Fault-tolerant IPoE network at hand

Hello. So there is a network of 5k clients. Recently a not-so-pleasant moment came out - in the center of the network and we have Brocade RX8 and it started sending a lot of unknown-unicast packets, since the network is divided into vlans - this is partly not a problem BUT there are special vlans for white addresses, etc. and they are stretched in all directions of the network. So now imagine an incoming stream to the address of a client who does not study as a boarder and this stream flies towards the radio link on some (and so on everything) village - the channel is clogged - customers are evil - sad ...

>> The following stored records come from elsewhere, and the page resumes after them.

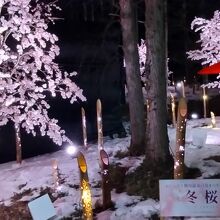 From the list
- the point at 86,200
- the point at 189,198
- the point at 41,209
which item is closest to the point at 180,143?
the point at 189,198

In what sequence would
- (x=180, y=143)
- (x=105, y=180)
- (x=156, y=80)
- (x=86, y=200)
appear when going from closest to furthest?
(x=180, y=143) → (x=86, y=200) → (x=105, y=180) → (x=156, y=80)

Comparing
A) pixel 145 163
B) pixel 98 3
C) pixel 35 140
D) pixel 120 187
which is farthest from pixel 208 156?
pixel 98 3

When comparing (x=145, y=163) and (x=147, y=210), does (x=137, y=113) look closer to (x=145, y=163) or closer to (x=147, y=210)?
(x=145, y=163)

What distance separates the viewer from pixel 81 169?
686 cm

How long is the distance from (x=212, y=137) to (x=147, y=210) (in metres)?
7.34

The task is to turn the bug into a feature. I thought in the direction of q-in-q with a full client-vlan, but all kinds of pieces of iron like P3310 when I turn on dot1q stop passing DHCP, they still do not know how selective qinq and a lot of underwater crutches like that. What is ip-unnambered and how does it work? If very briefly, the gateway address + route on the interface. For our task, we need to: cut shapers, distribute addresses to clients, add routes to clients through specific interfaces. How to do all this? Sheyper - lisg, dhcp - db2dhcp on two independent servers, dhcprelay is spinning on access servers, ucarp also works on access servers - for backup. But how to add routes? You can add everything in a large script in advance - but this is not true. So we will fence a self-made crutch.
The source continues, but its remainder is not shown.